H'na Barra/Nous, dehors : la caméra s'arrête sur des visages de femmes intelligentes, passionnantes. Des femmes, riches de leur intériorité et de leur questionnement, exposent ce qu'elles vivent, ce qu'elles ressentent, ce qu'elles pensent dans une société particulière où il n'est pas aisé d'être une femme.
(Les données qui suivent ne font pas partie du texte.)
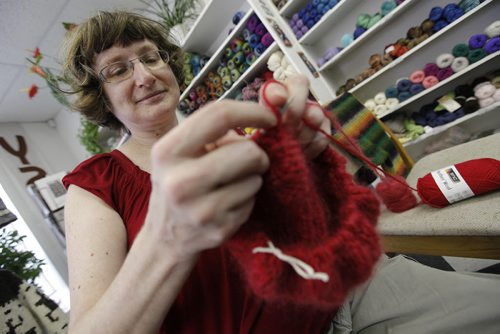 Lori Franko, member worker at Ram Wool, knits a hat as part of Culture Days in Winnipeg Saturday, October 1, 2011.  (John Woods/Winnipeg Free Press)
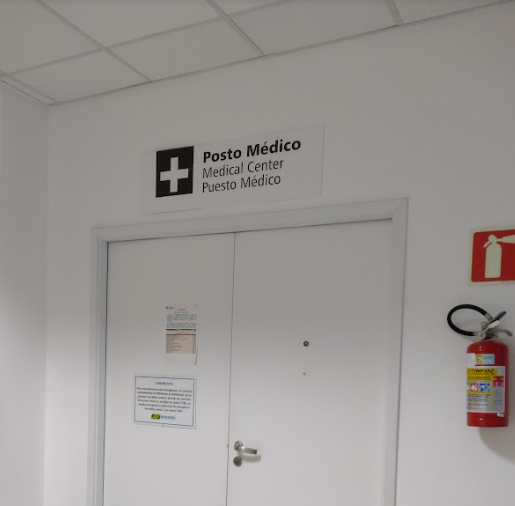 Entrada de posto médico com sinalização trilíngue (português, inglês e espanhol) e símbolo de cruz.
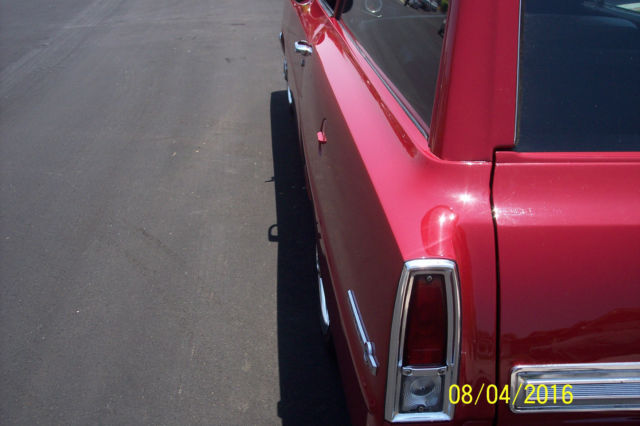 1966  red Chevrolet Nova 2 dr wagon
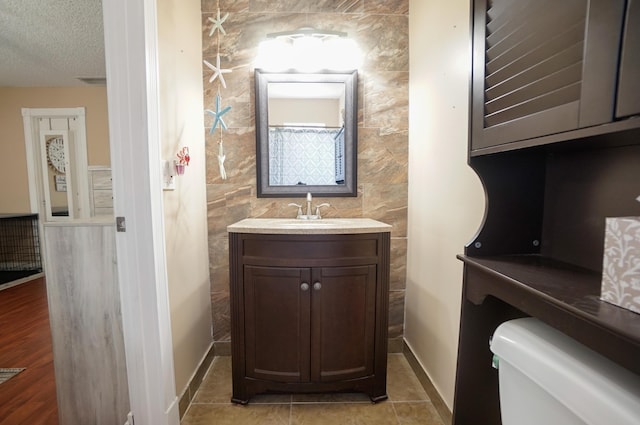 bathroom featuring tile patterned floors, vanity, toilet, and a textured ceiling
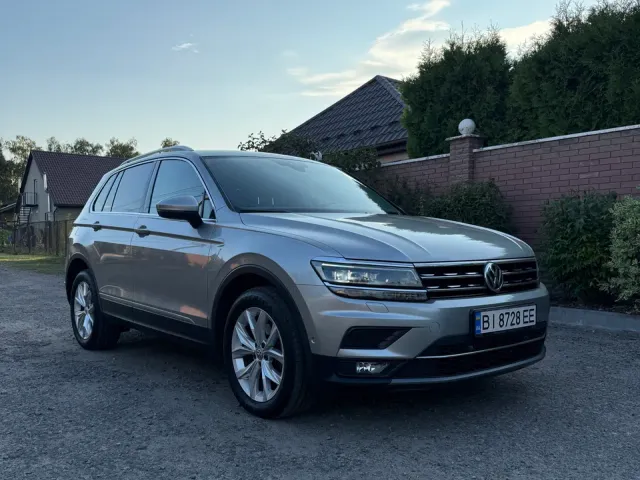 Volkswagen Tiguan - фото 1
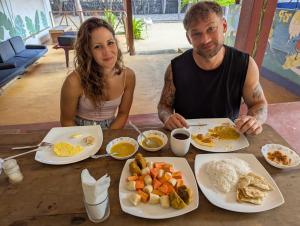 a man and a woman sitting at a table with food at Sand Dune Beach Hotel & Surf Camp in Arugam Bay
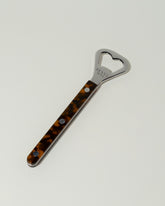 Sabre Paris Faux Tortoise Bottle Opener on light color background.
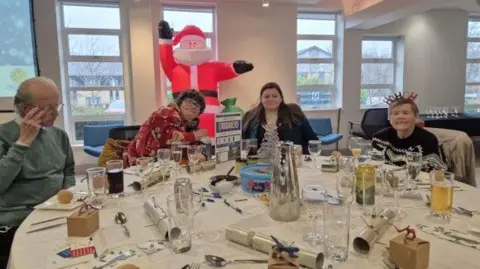 A table laid out with Christmas Dinner decorations such as crackers, and guests sitting around the table.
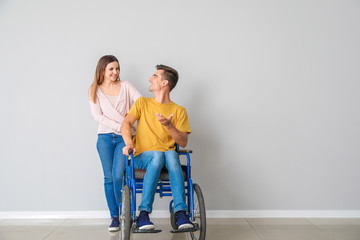 Handicapped young man in wheelchair and his wife near light wall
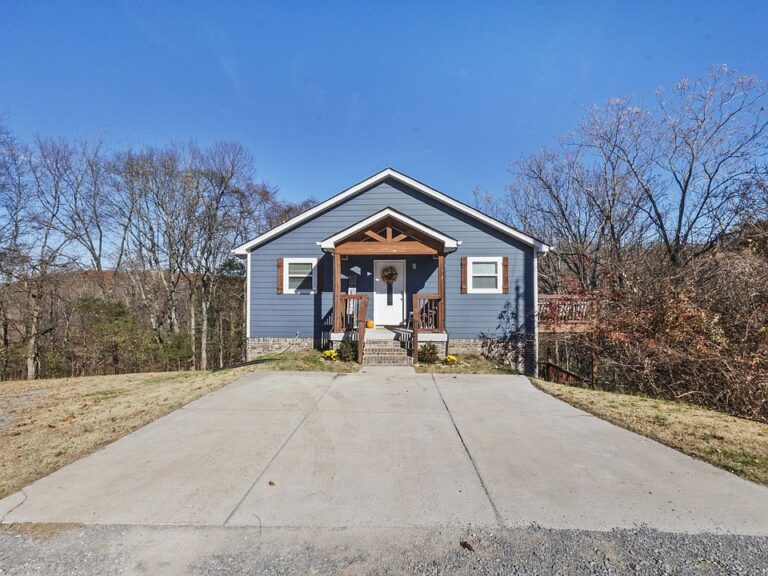 Unbelievable views and 3 homes! Over 12 acres in Tennessee. $2,690,000.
C'est certainement un combat quotidien. Dans leurs discours, aucune facilité, aucune formule creuse. Elles sont dans la densité. Cela change des discussions banales, sans épaisseur... Introduire la complexité, la gravité dans la prise de parole est salutaire et vivifiant. D'autant plus que cette parole est directement celle de femmes, leur parole intérieure. En cela, ce film est beau et fort.